* [Data records]
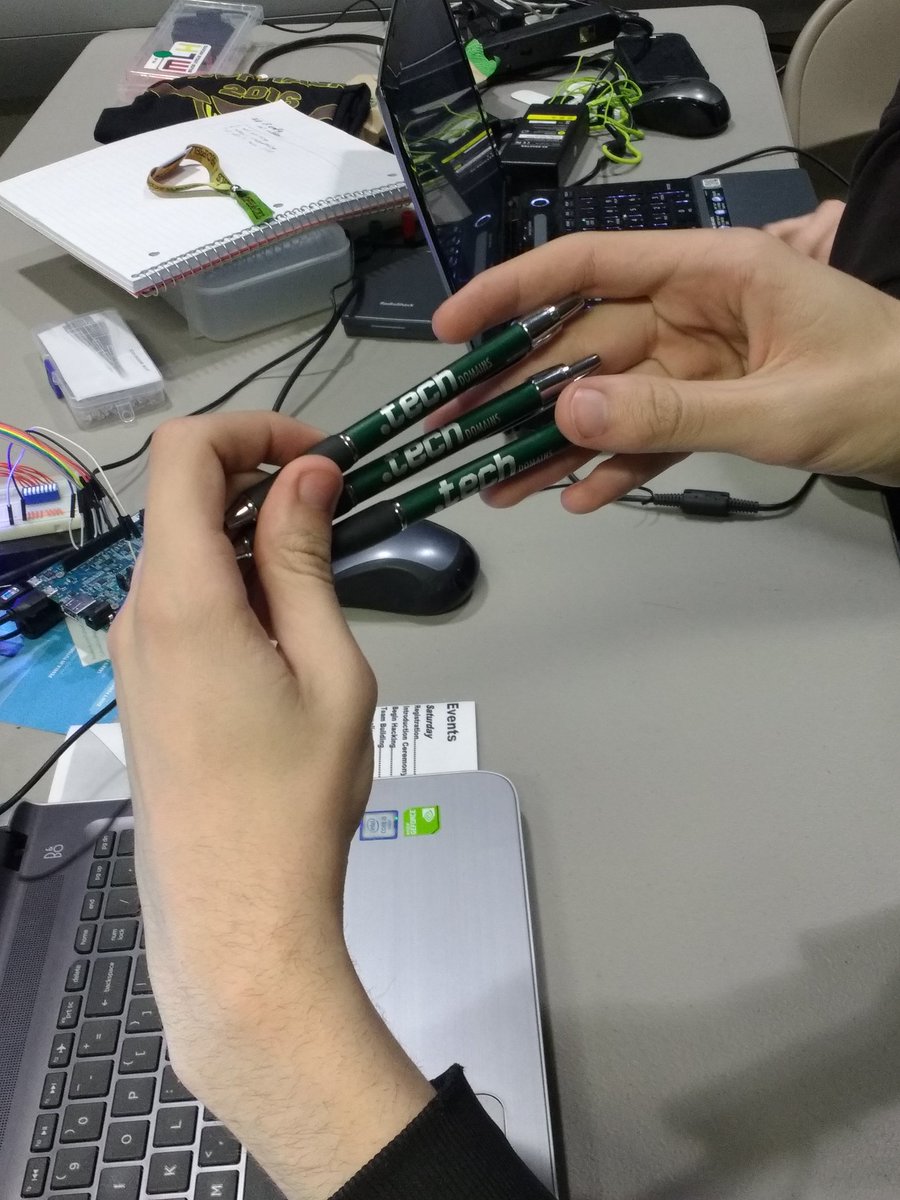 HandNF's tweet photo. Who doesn't have #profhacks2016 pens from @dottechdomains? https://t.co/usdjsgi8f1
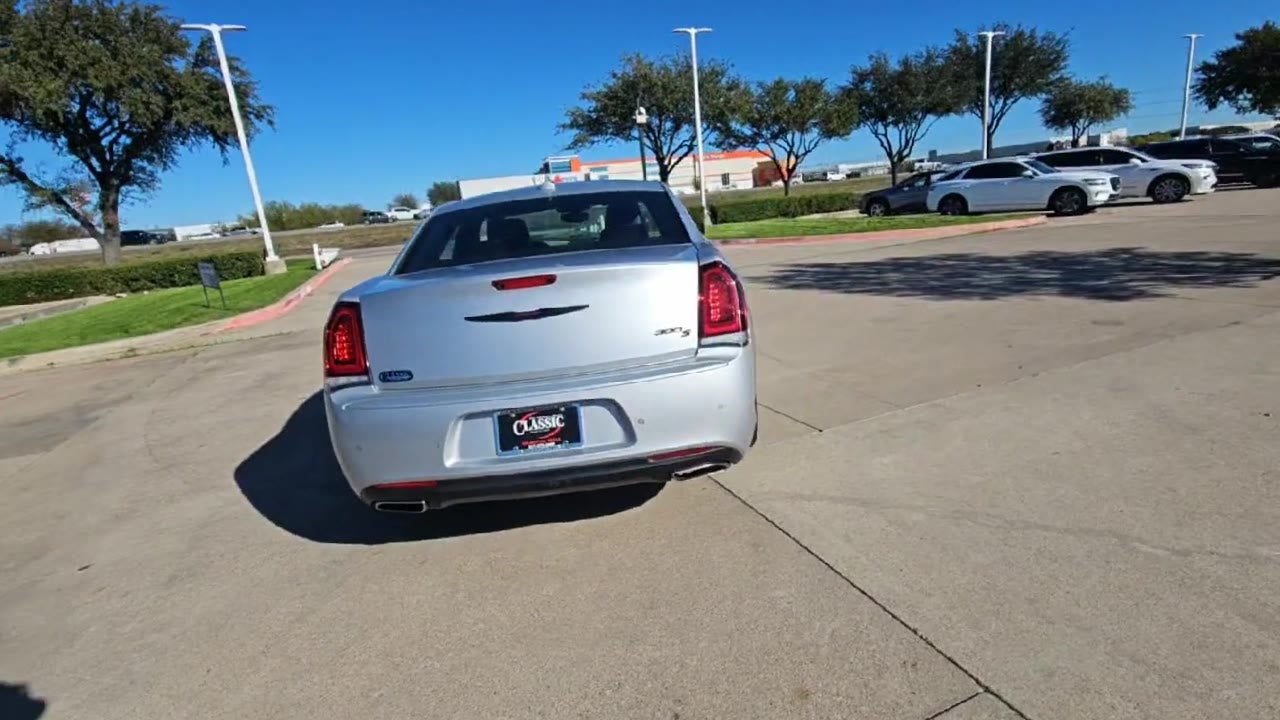 2023 Chrysler 300 300S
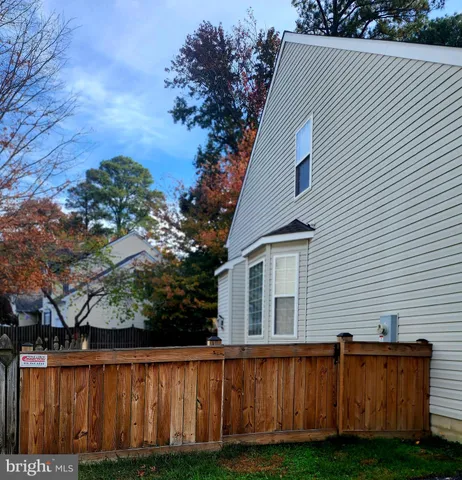 a view of a house with backyard and trees
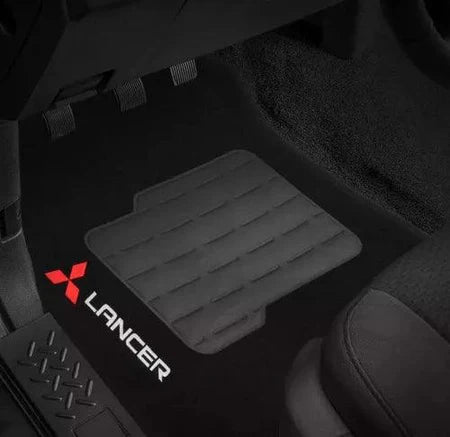TAPETE CARPETE MITSUBISHI LANCER 2008 A 2018 PRETO 4 PEÇAS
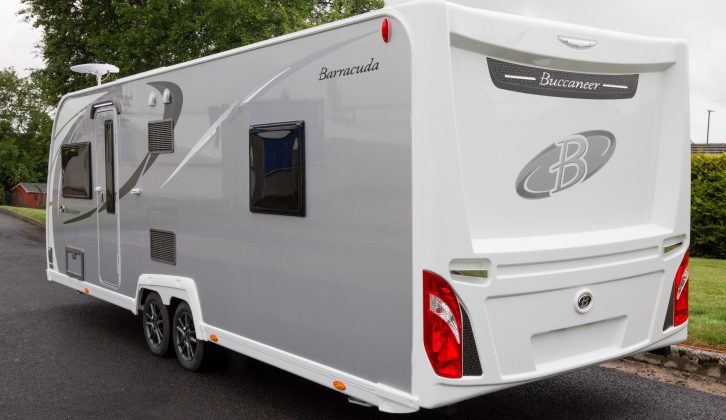 This large, twin-axle tourer boasts an E&P self-levelling system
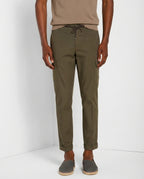 Pantalone cargo uomo Chile Jogger Mason's verde scuro in cotone slim fit, vista frontale su modello SS26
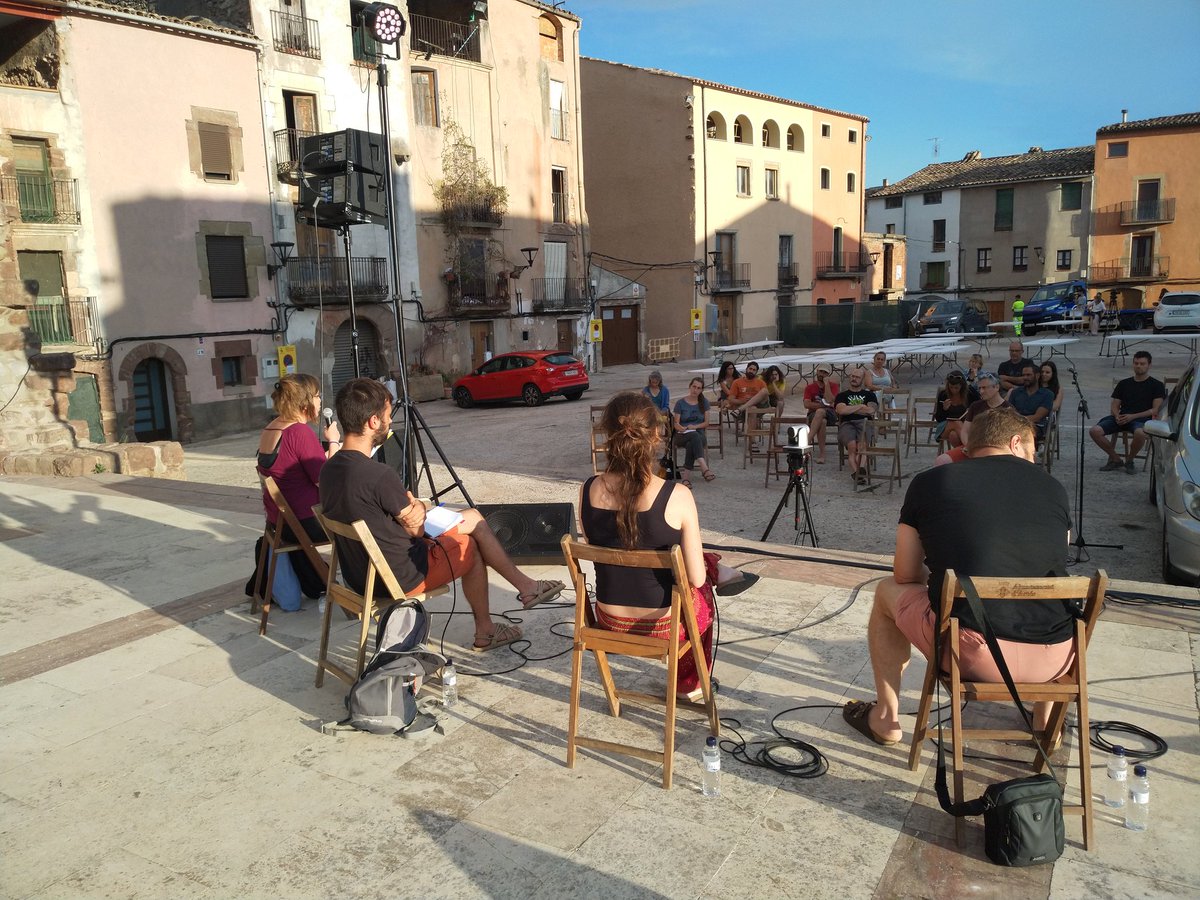 Participen a fila zero de la xerrada 'Agroecologia i venda en línia: impactes i costos invisibles' <a href="/LaZona_Mercat/">LaZona</a> <a href="/katuma_org/">KATUMA</a> i <a href="/oida_cat/">Oidà.cat</a>. 

Moltes gràcies per venir i contestar les preguntes del públic d'Artés i del que ens segueix en streaming.

#EinatecaAgroecologica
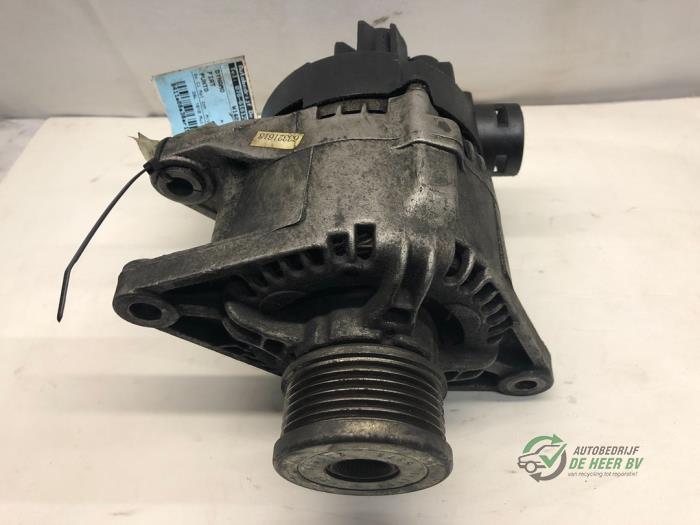 Begagnade Dynamo Fiat Punto II (188) 1.9 JTD 80 ELX 3-Drs. Pris € 45,00 Marginaltabell erbjuds av Autobedrijf de Heer B.V.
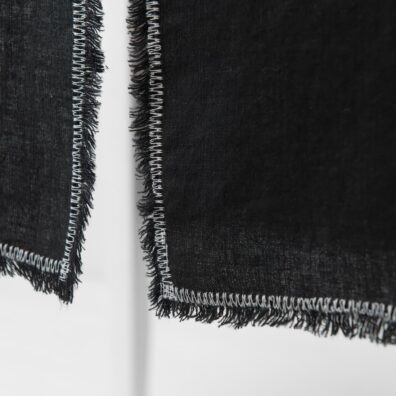 ALBA Leinen-Tischläufer schwarz mit 1,5cm langen Zupffransen und milchweißem Zierstich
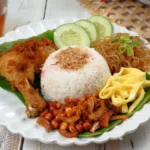 Nasi Uduk Rahasia Gurih dan Wangi, Seenak Buatan Warung Legendaris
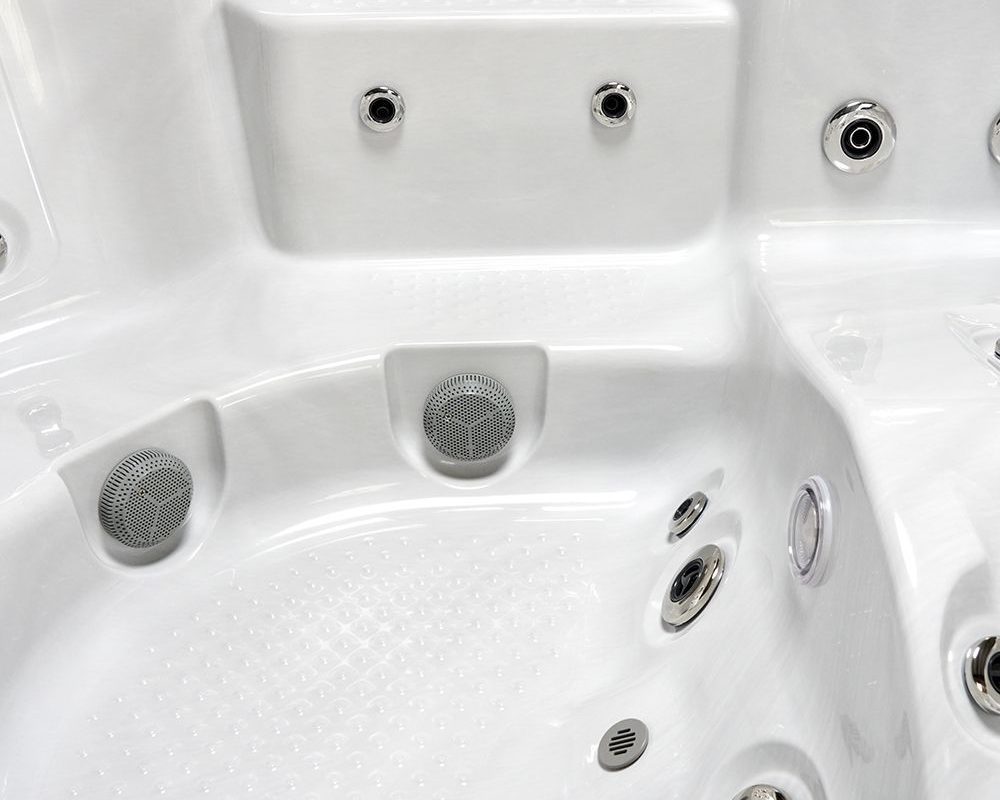 Cuve d'un spa OEWEO Confort XL5+ 5 places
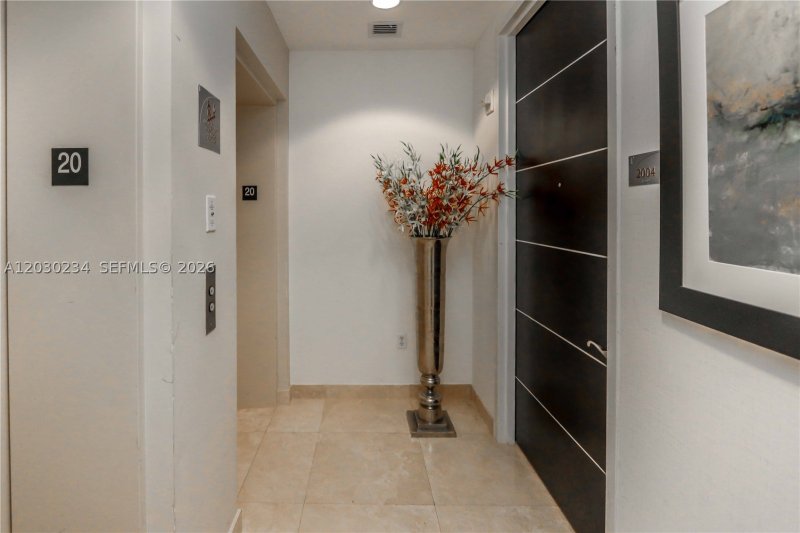 Comprar apartamento no Trump Tower Two 2004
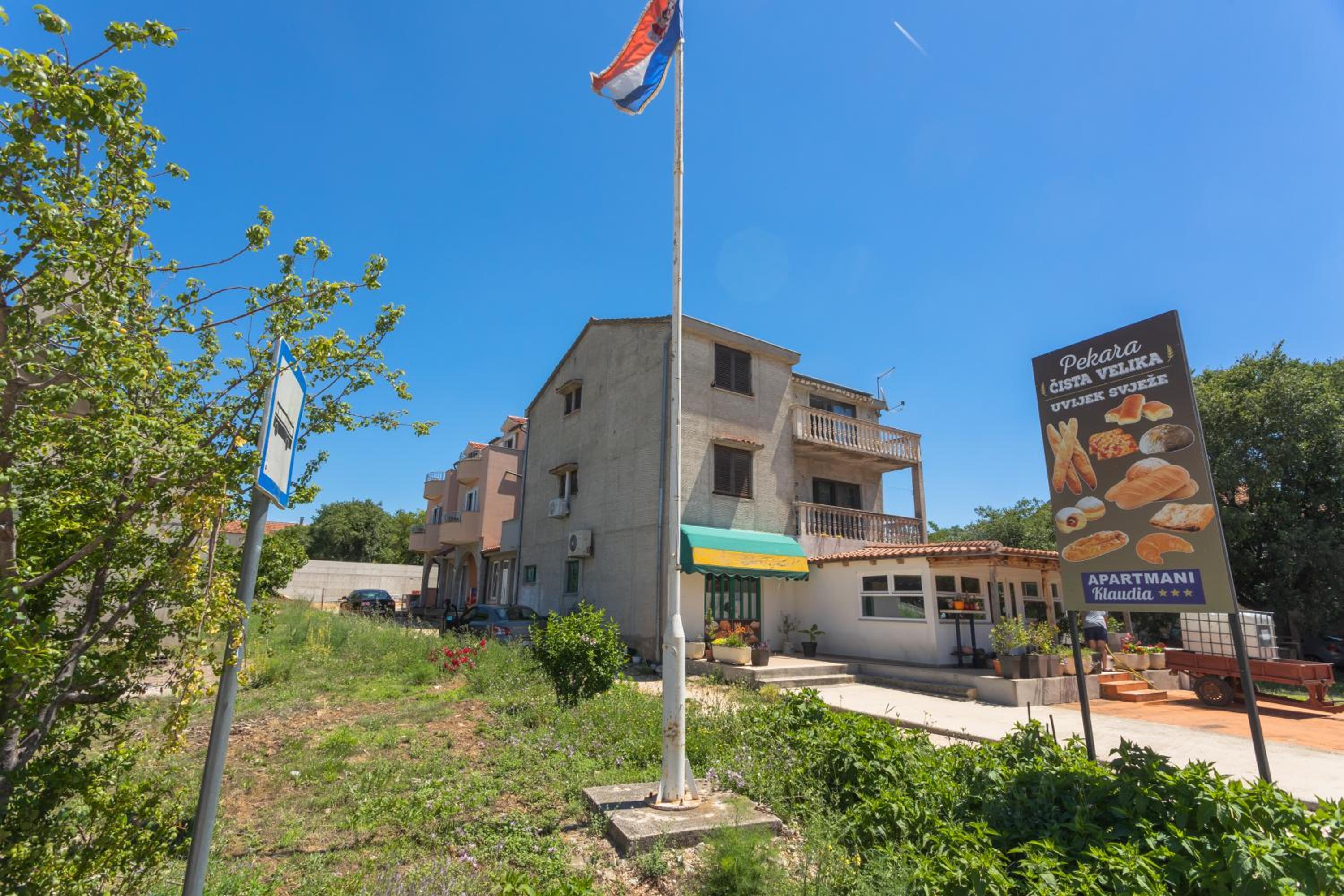 Apartments Klaudia Čista Velika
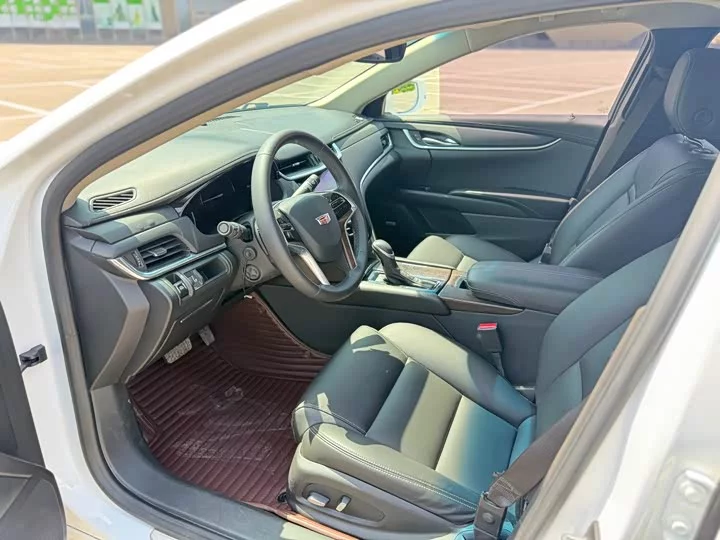 Cadillac XTS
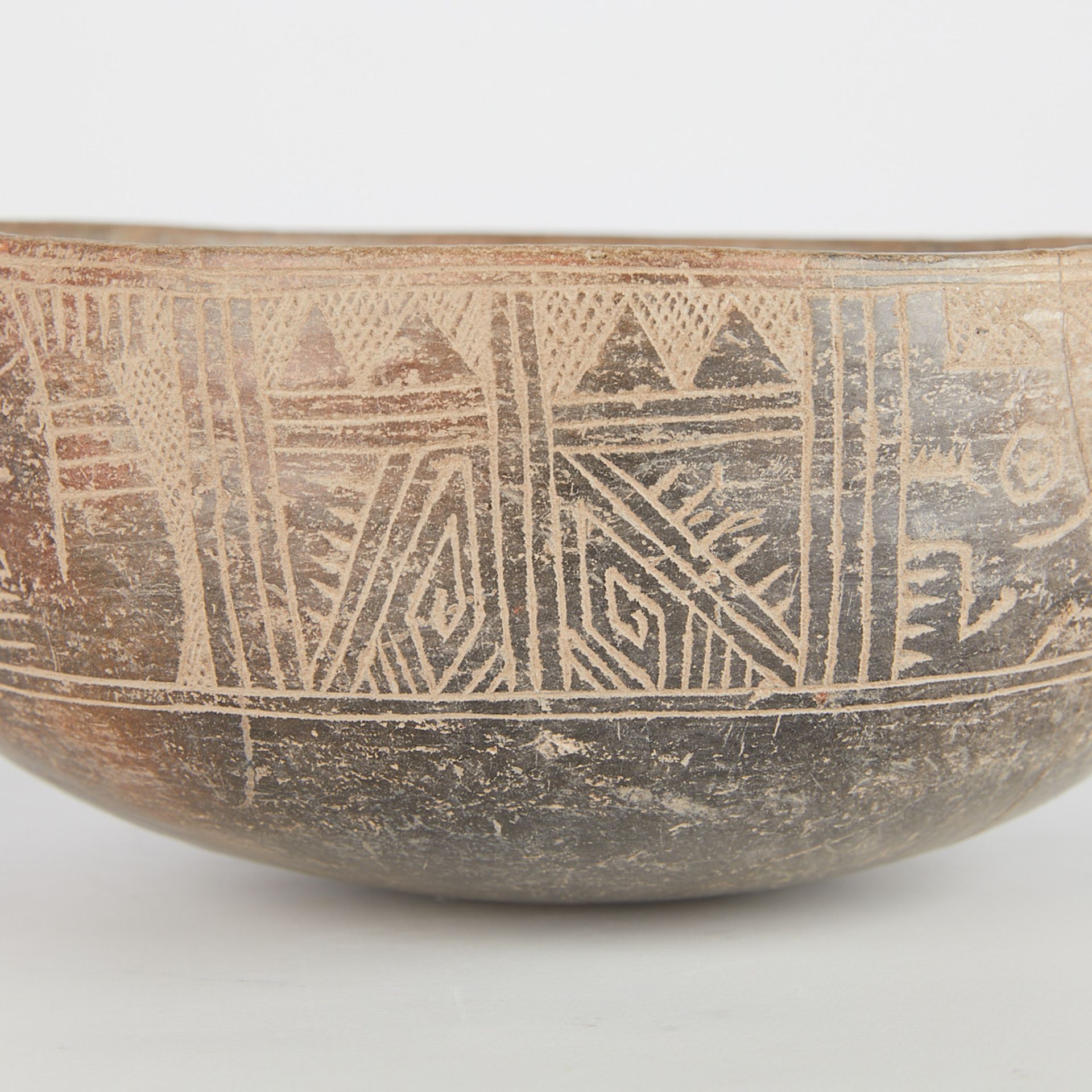 Pre-Columbian Style Black Slip Ceramic Bowl - Bild 2 aus 10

* [Description of the task] Repeat, without pictures, exactly the lines of the data above from the one containing "TAPETE CARPETE MITSUBISHI" through the one containing "Participen a fila", including both and adding nothing.

* [Response to the task]
TAPETE CARPETE MITSUBISHI LANCER 2008 A 2018 PRETO 4 PEÇAS
 This large, twin-axle tourer boasts an E&P self-levelling system
 Pantalone cargo uomo Chile Jogger Mason's verde scuro in cotone slim fit, vista frontale su modello SS26
 Participen a fila zero de la xerrada 'Agroecologia i venda en línia: impactes i costos invisibles' <a href="/LaZona_Mercat/">LaZona</a> <a href="/katuma_org/">KATUMA</a> i <a href="/oida_cat/">Oidà.cat</a>. 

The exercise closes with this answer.